(YOUR OBJECTIVE)
Whatever appears in the records, retype it exactly, except for the pictures.

□ □ □

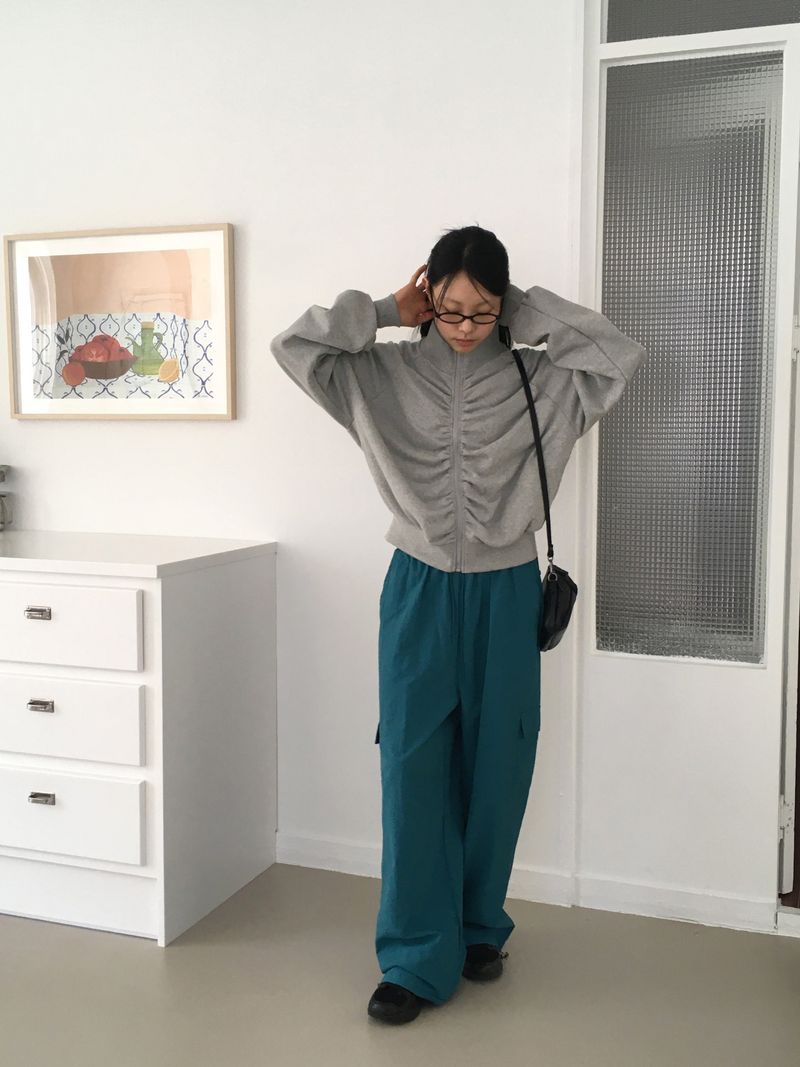 Fringe shirring pleated high neck zip-up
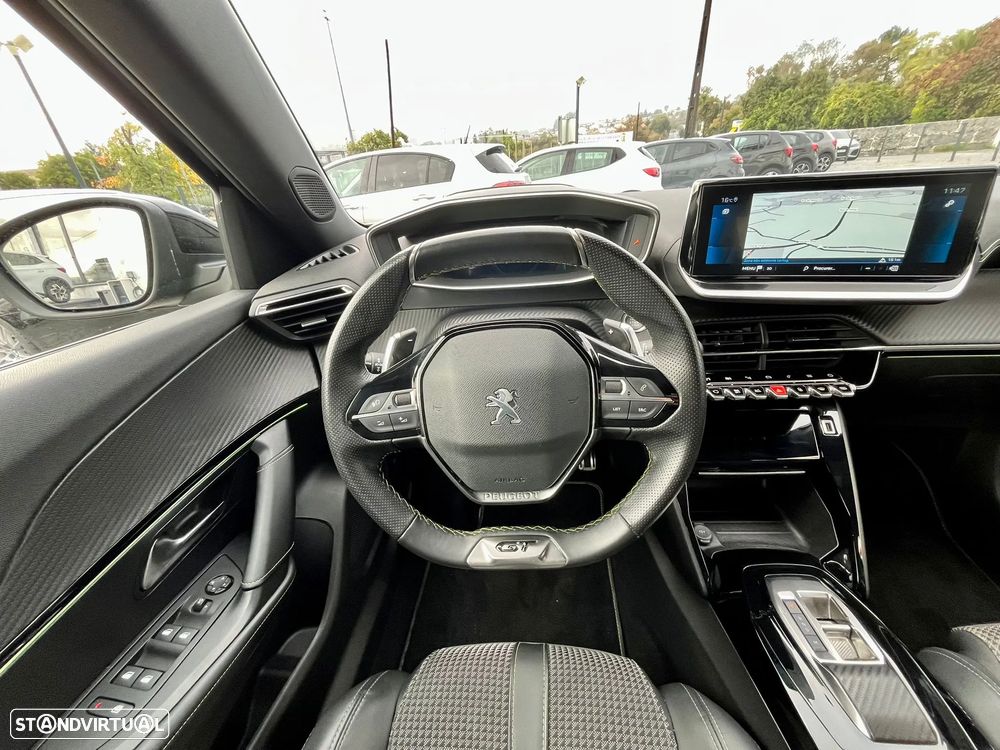 Peugeot 2008 1.2 PureTech GT Line EAT8 - 16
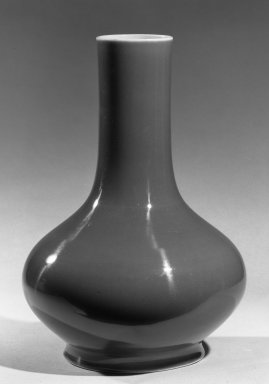  <em>Rather Large Bottle Shaped Vase</em>, 18th century. Porcelain with monochrome glaze, 11 1/8 x 7 5/8 in. (28.2 x 19.4 cm). Brooklyn Museum, Gift of the executors of the Estate of Colonel Michael Friedsam, 32.1199. Creative Commons-BY (Photo: Brooklyn Museum, 32.1199_acetate_bw.jpg)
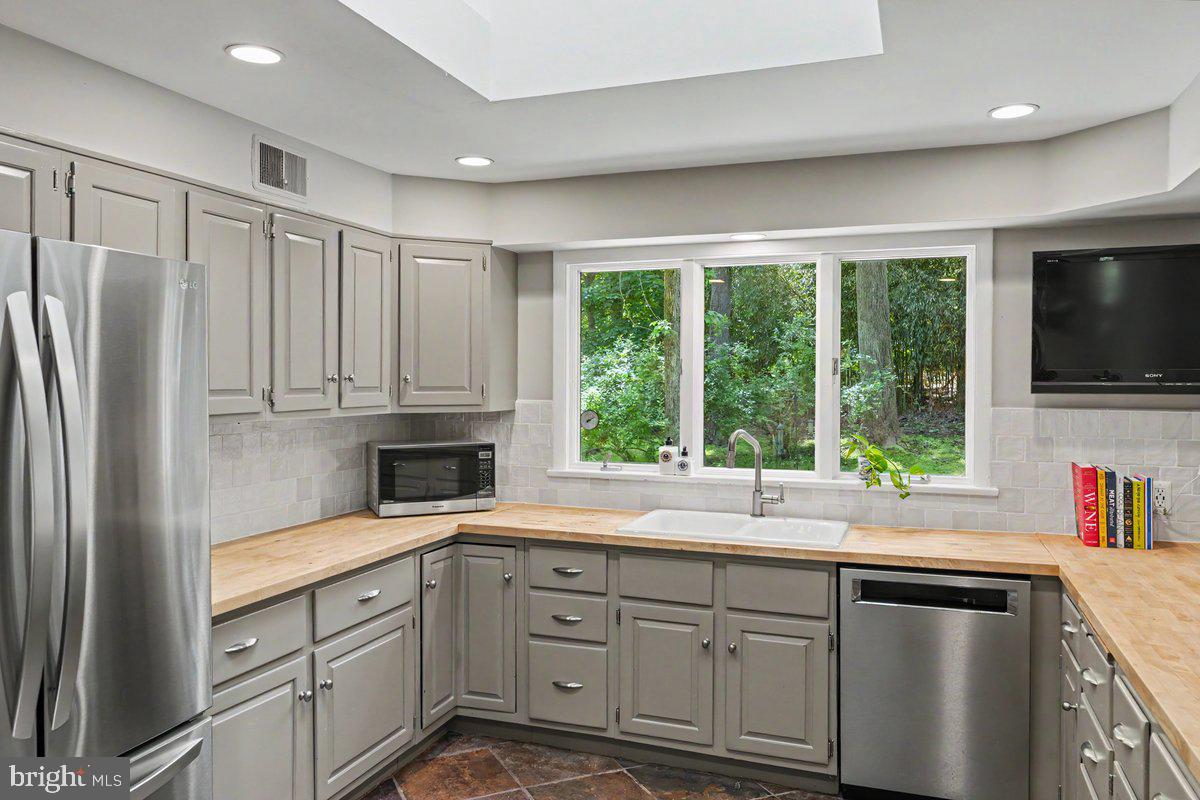 SOLEBURY MOUNT EST - Residential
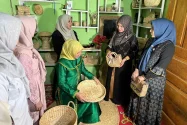 Bahan Baku Terbatas, UMKM Eceng Gondok Aceh Barat Bidik Ekspor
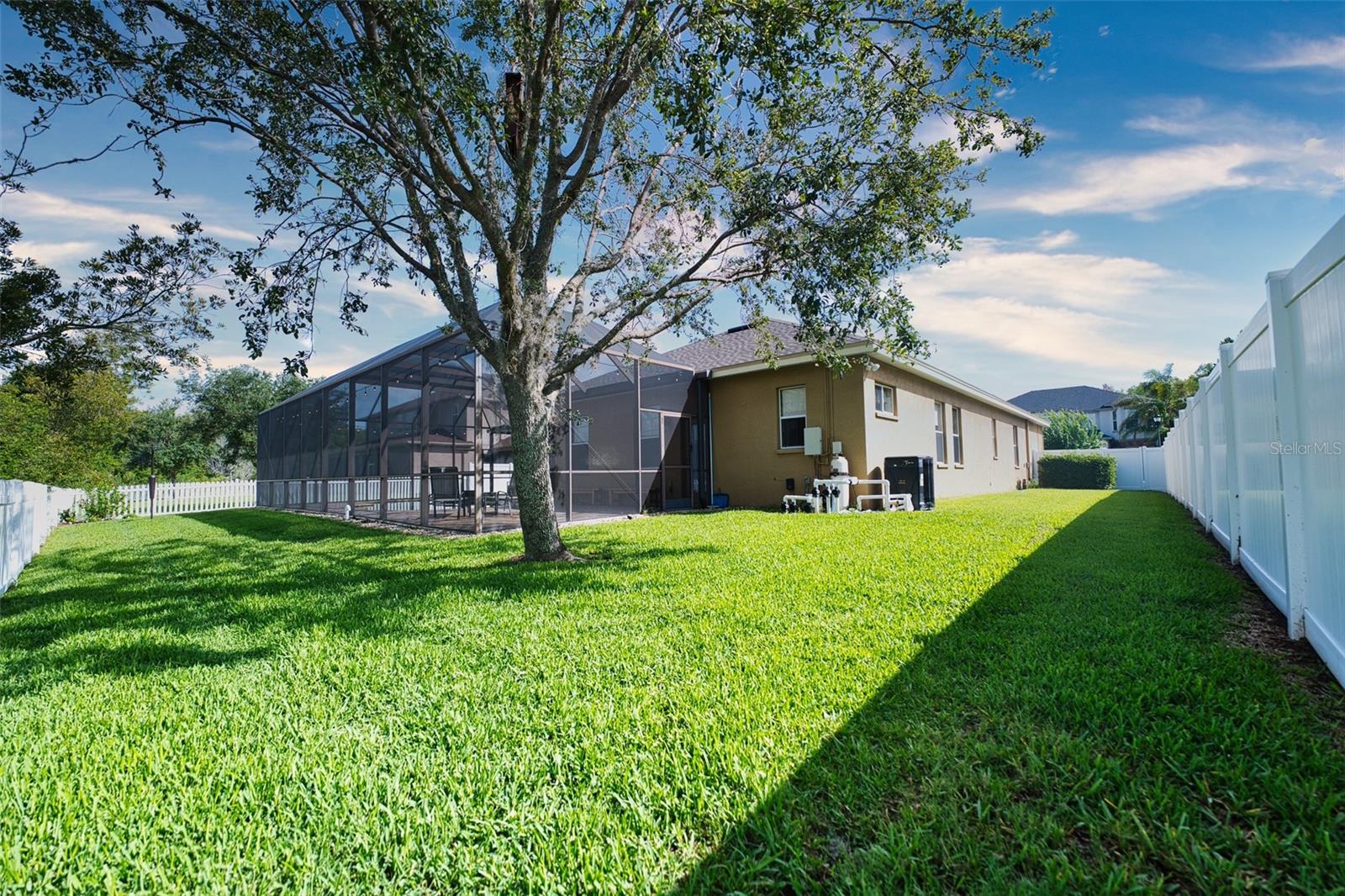 Listing photo id 55 for 10513 Palm Cove Avenue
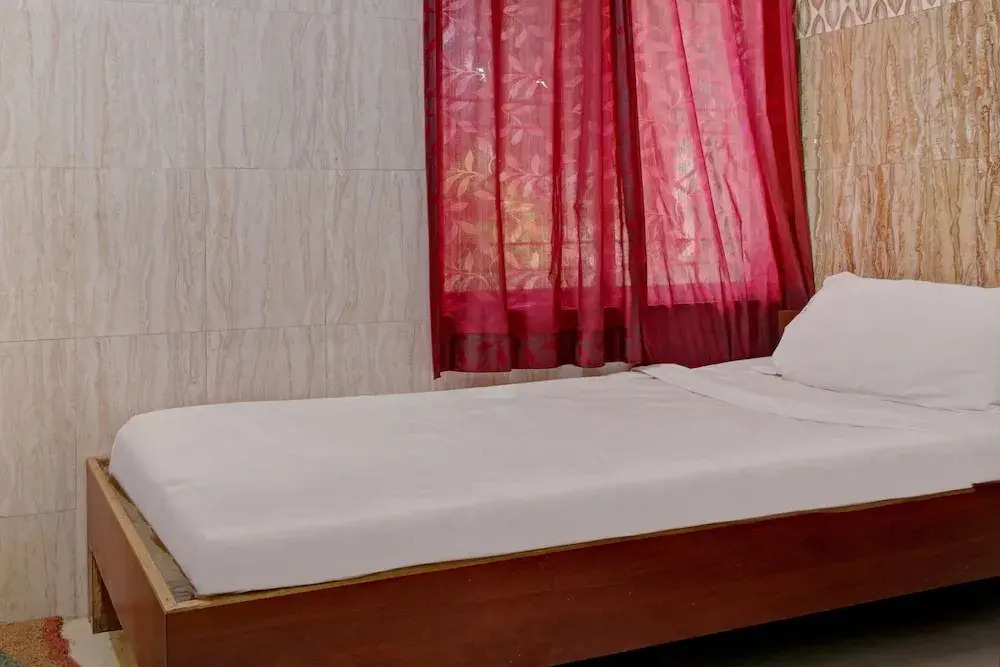 SPOT ON 38681 Sai Palace Lodging & Boarding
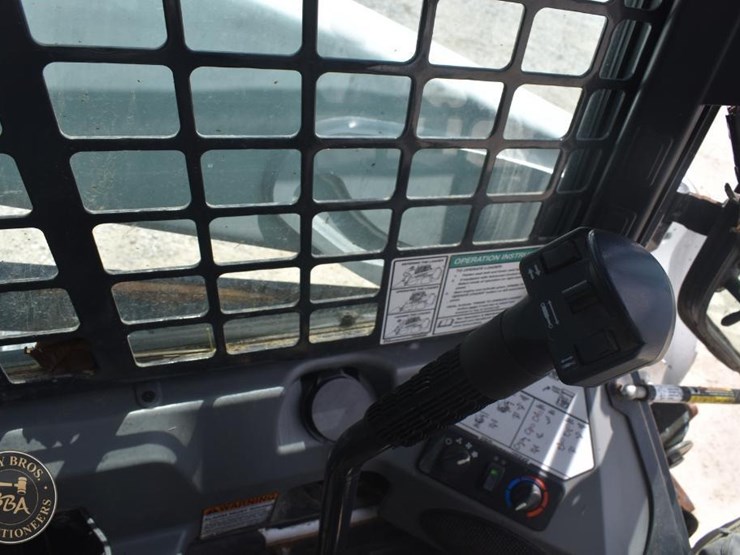 2019-bobcat-t595-image-55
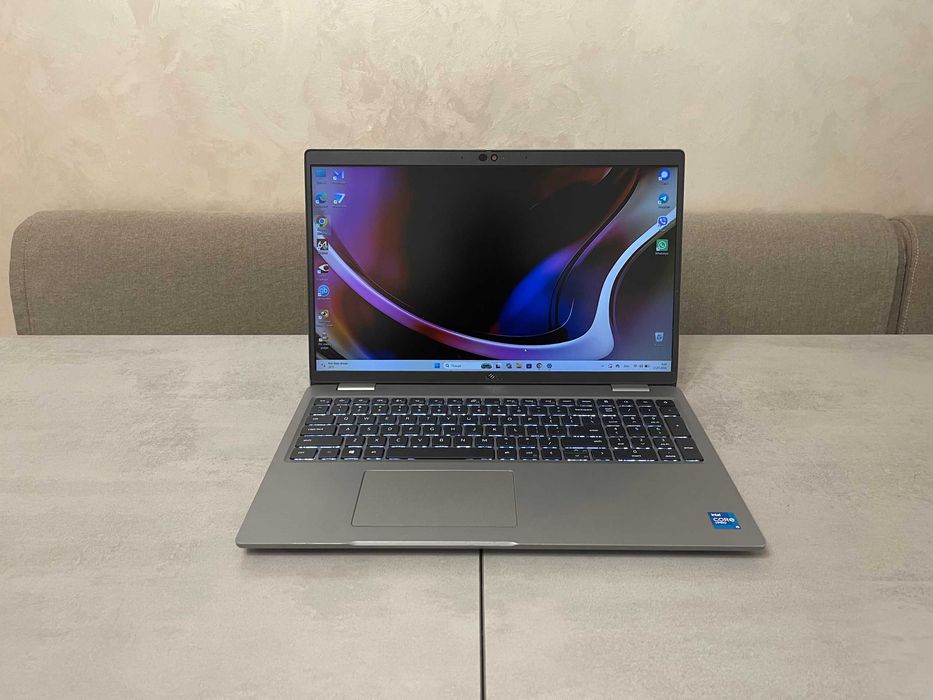 Ноутбук Dell Latitude 5520, 15.6" FHD IPS,  i5-1145G7, 16GB DDR4, 256GB NVMe SSD, Intel Iris Xe Graphics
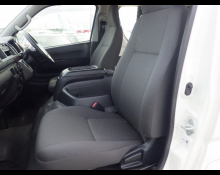 Toyota Hiace Wagon 2020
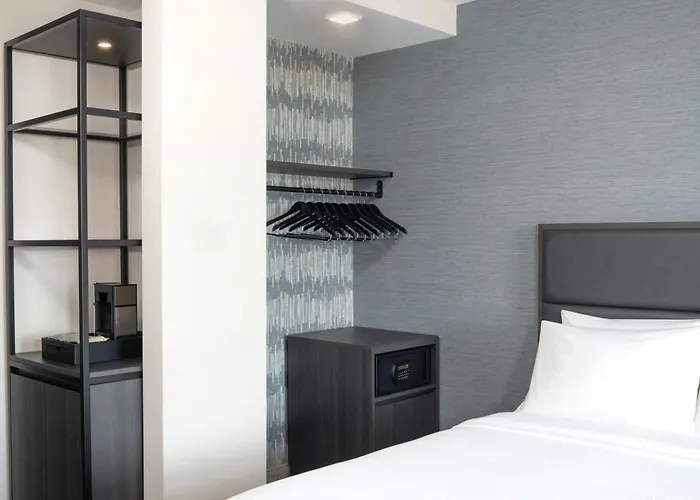 Residence Inn By Marriott Portland Thompson'S Point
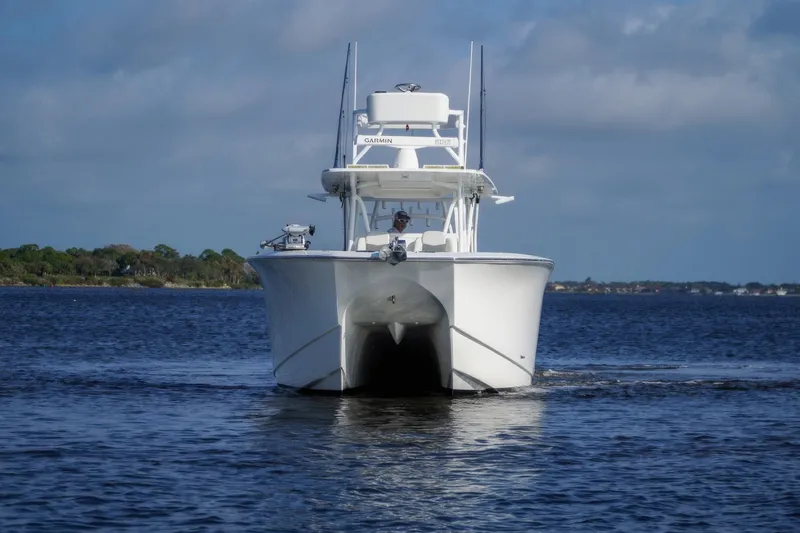 Slide: The Image of Sea Hunter 41 CTS 2022 - 33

□ □ □

(EXERCISE ANSWER)
 Fringe shirring pleated high neck zip-up
 Peugeot 2008 1.2 PureTech GT Line EAT8 - 16
  <em>Rather Large Bottle Shaped Vase</em>, 18th century. Porcelain with monochrome glaze, 11 1/8 x 7 5/8 in. (28.2 x 19.4 cm). Brooklyn Museum, Gift of the executors of the Estate of Colonel Michael Friedsam, 32.1199. Creative Commons-BY (Photo: Brooklyn Museum, 32.1199_acetate_bw.jpg)
 SOLEBURY MOUNT EST - Residential
 Bahan Baku Terbatas, UMKM Eceng Gondok Aceh Barat Bidik Ekspor
 Listing photo id 55 for 10513 Palm Cove Avenue
 SPOT ON 38681 Sai Palace Lodging & Boarding
 2019-bobcat-t595-image-55
 Ноутбук Dell Latitude 5520, 15.6" FHD IPS,  i5-1145G7, 16GB DDR4, 256GB NVMe SSD, Intel Iris Xe Graphics
 Toyota Hiace Wagon 2020
 Residence Inn By Marriott Portland Thompson'S Point
 Slide: The Image of Sea Hunter 41 CTS 2022 - 33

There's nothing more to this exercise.